> _YOUR GOAL_: Before copying, set aside the pictures; then restate exactly the lines from the one with "林雨辰│diesel的牛仔褲搭配" through the last line of the records.

DATA PROVIDED Start Marker

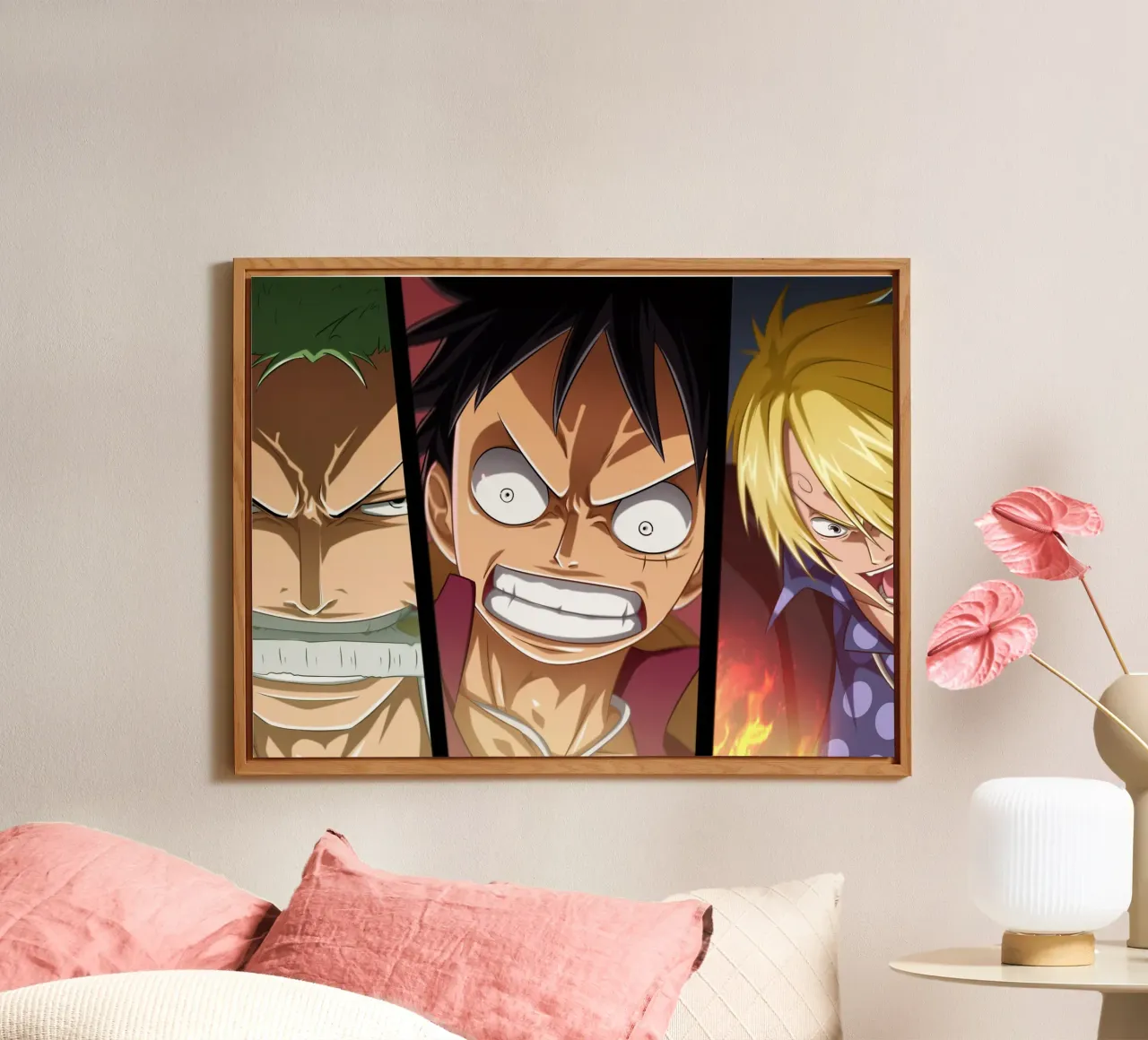 Zoro Luffy and Sanji One Piece alluminio dibond da Musadad Shop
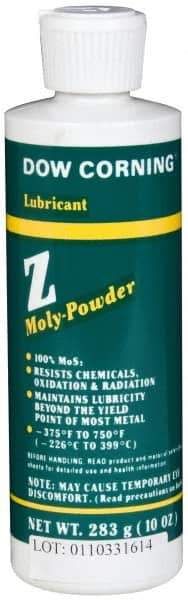 Dow Corning - 10 oz Bottle Dry Moly Lubricant - Black - Industrial Tool & Supply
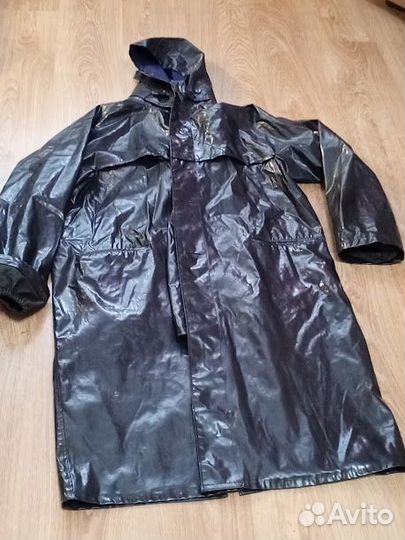 Плащ резиновый СССР
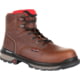 Rocky Boots Rams Horn Full-grain Leather Waterproof Composite Toe Work Boot - Men's, 9 US, Medium, Dark Brown, RKK0257-M-9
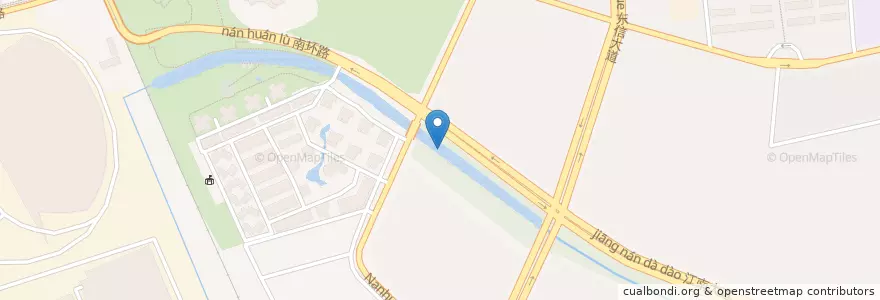 Mapa de ubicacion de 公交一桥换乘点一自行车租赁点 en 中国, 浙江省, 杭州市, 浜江区, 浦沿街道.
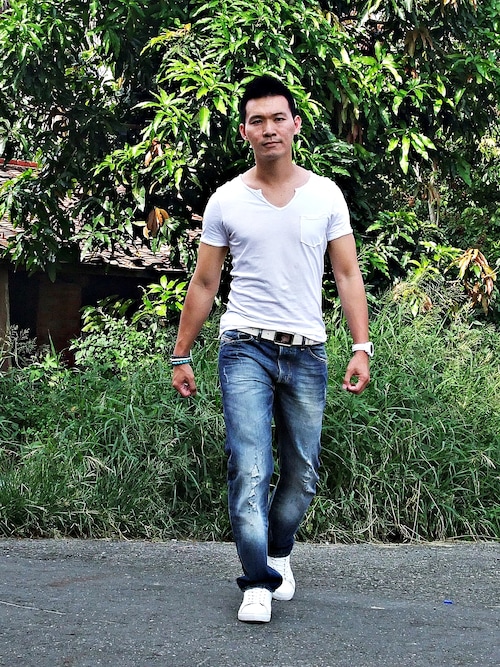 林雨辰│diesel的牛仔褲搭配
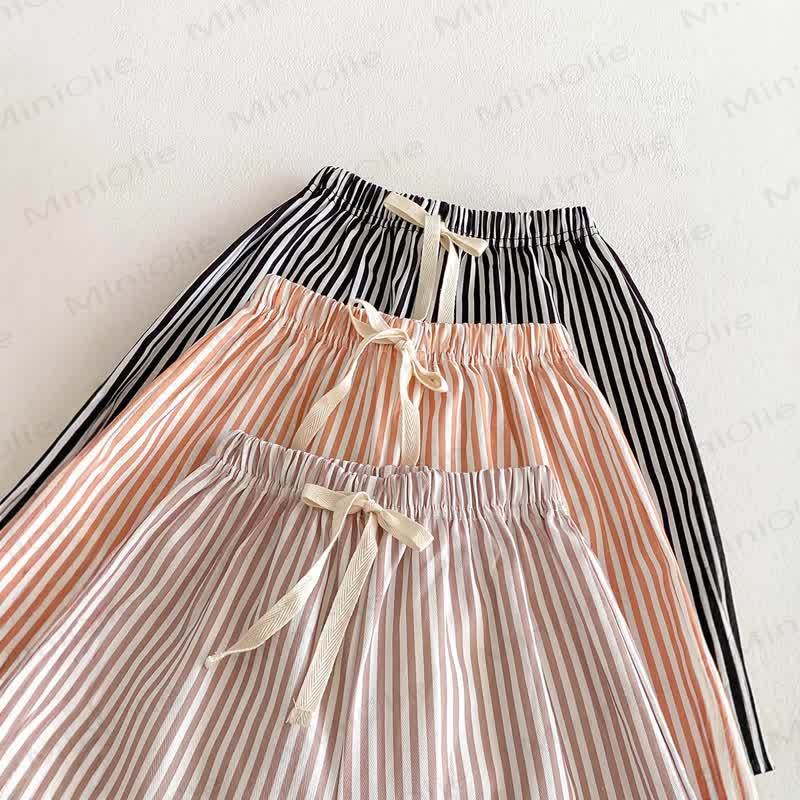 Baby Toddler Striped Bow Pants - image 8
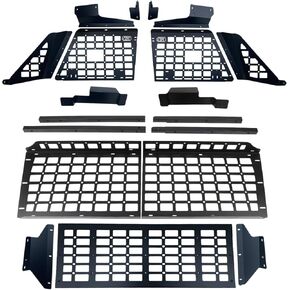 عالي الطيران 2024 2025 ل Toyota Land Cruiser Prado LC250 Car Accessories Molle Planels التخزين نظام الجذع الجرف منظم رفوف الشحن الخلفية الداخلية (الألواح الجانبية+الرف أ)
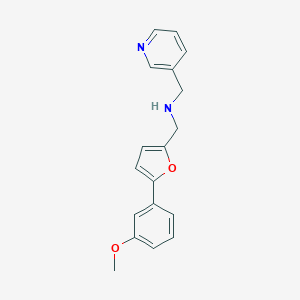 molecular formula C18H18N2O2 B275810 N-{[5-(3-methoxyphenyl)-2-furyl]methyl}-N-(3-pyridinylmethyl)amine 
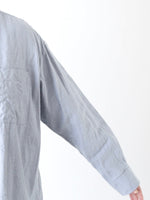 画像をギャラリービューアに読み込む, TOUJOURS バンドカラーバックギャザーシャツ [IM43LS03]
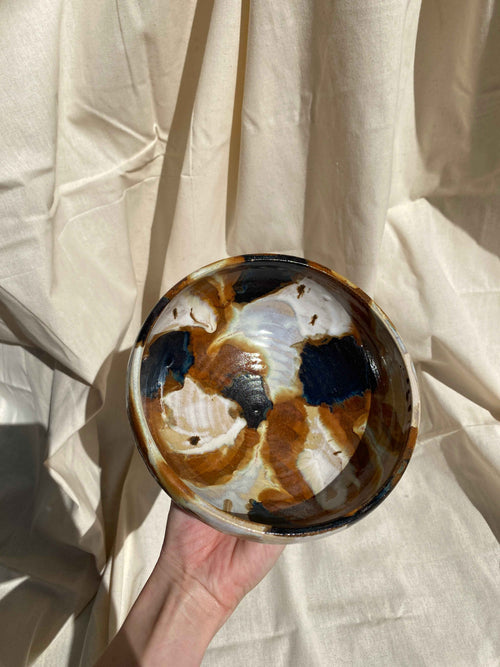 medium amber birch bowl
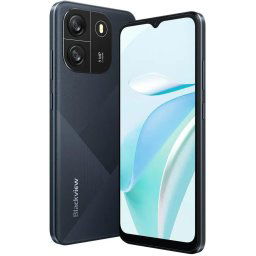 Telefon Mobil Blackview Wave 6C, Procesor Unisoc SC9863A Octa-Core, Ecran IPS LCD 6.5", 2GB RAM, 32GB Flash, Camera 8 MP, Wi-Fi, 4G, Dual SIM, Android 13, Negru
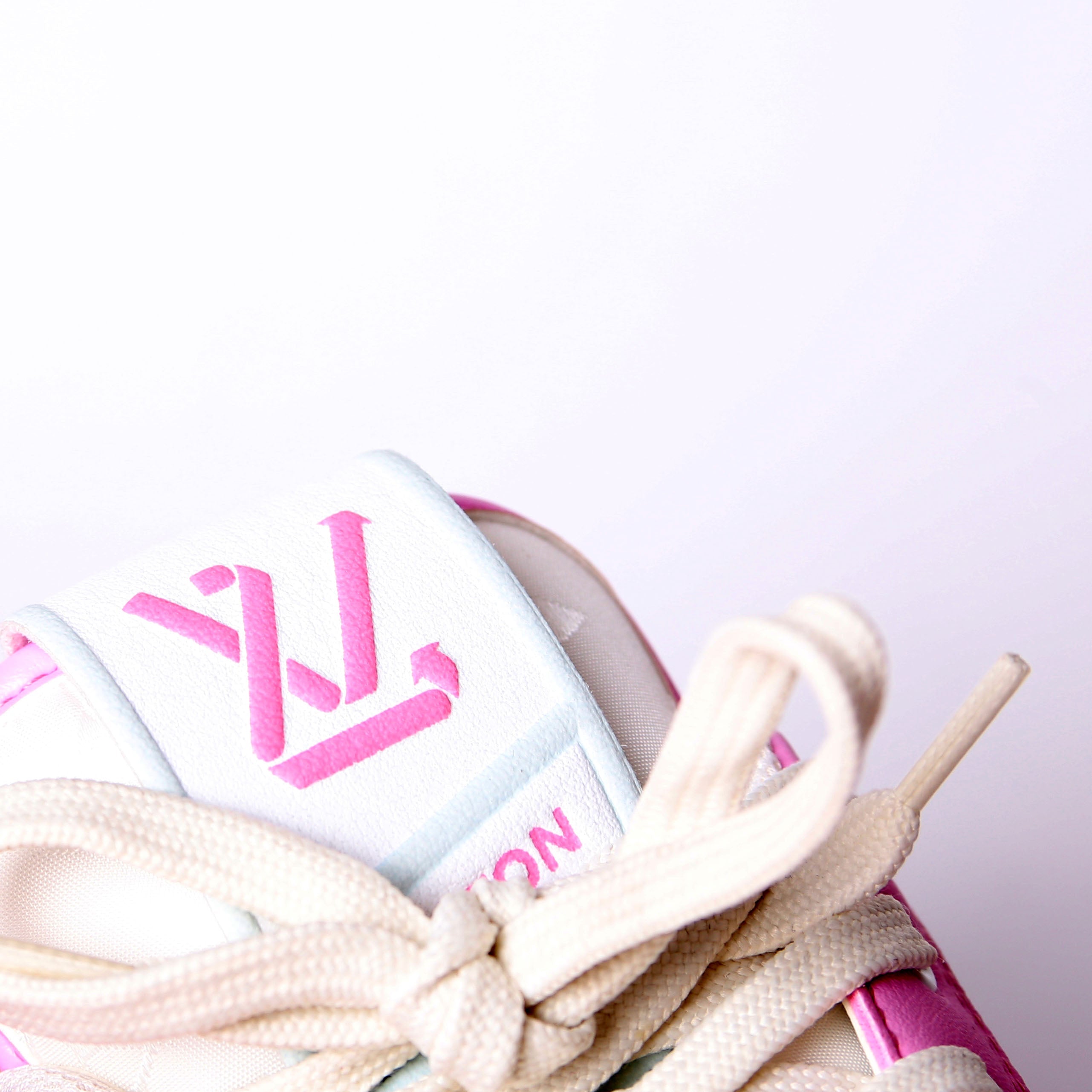 Louis Vuitton Charlie Nylon Sneakers Size 39.5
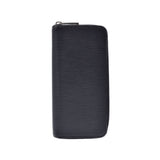 LOUIS VUITTON Louis Vuitton Epi Pipi Wallet Vertical Noir M60965 Unisex Epireaer Surger Long Wallet B Rank Used Ginzo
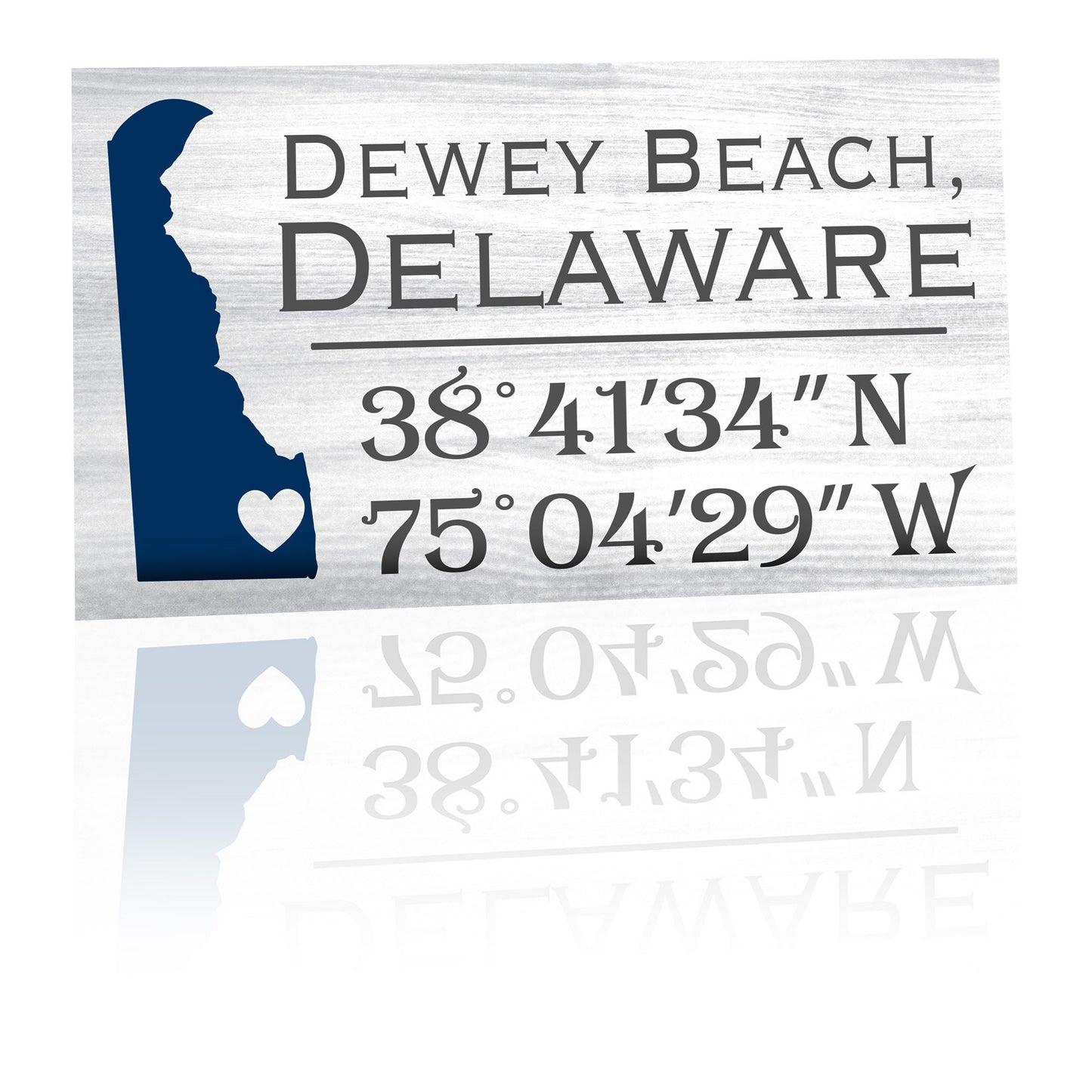 Dewey Beach Delaware Sign: Coastal Farmhouse Decor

DATA PROVIDED End Marker

> _SOLUTION BELOW_:
 林雨辰│diesel的牛仔褲搭配
 Baby Toddler Striped Bow Pants - image 8
 عالي الطيران 2024 2025 ل Toyota Land Cruiser Prado LC250 Car Accessories Molle Planels التخزين نظام الجذع الجرف منظم رفوف الشحن الخلفية الداخلية (الألواح الجانبية+الرف أ)
 molecular formula C18H18N2O2 B275810 N-{[5-(3-methoxyphenyl)-2-furyl]methyl}-N-(3-pyridinylmethyl)amine 
 画像をギャラリービューアに読み込む, TOUJOURS バンドカラーバックギャザーシャツ [IM43LS03]
 medium amber birch bowl
 Telefon Mobil Blackview Wave 6C, Procesor Unisoc SC9863A Octa-Core, Ecran IPS LCD 6.5", 2GB RAM, 32GB Flash, Camera 8 MP, Wi-Fi, 4G, Dual SIM, Android 13, Negru
 Louis Vuitton Charlie Nylon Sneakers Size 39.5
 LOUIS VUITTON Louis Vuitton Epi Pipi Wallet Vertical Noir M60965 Unisex Epireaer Surger Long Wallet B Rank Used Ginzo
 Dewey Beach Delaware Sign: Coastal Farmhouse Decor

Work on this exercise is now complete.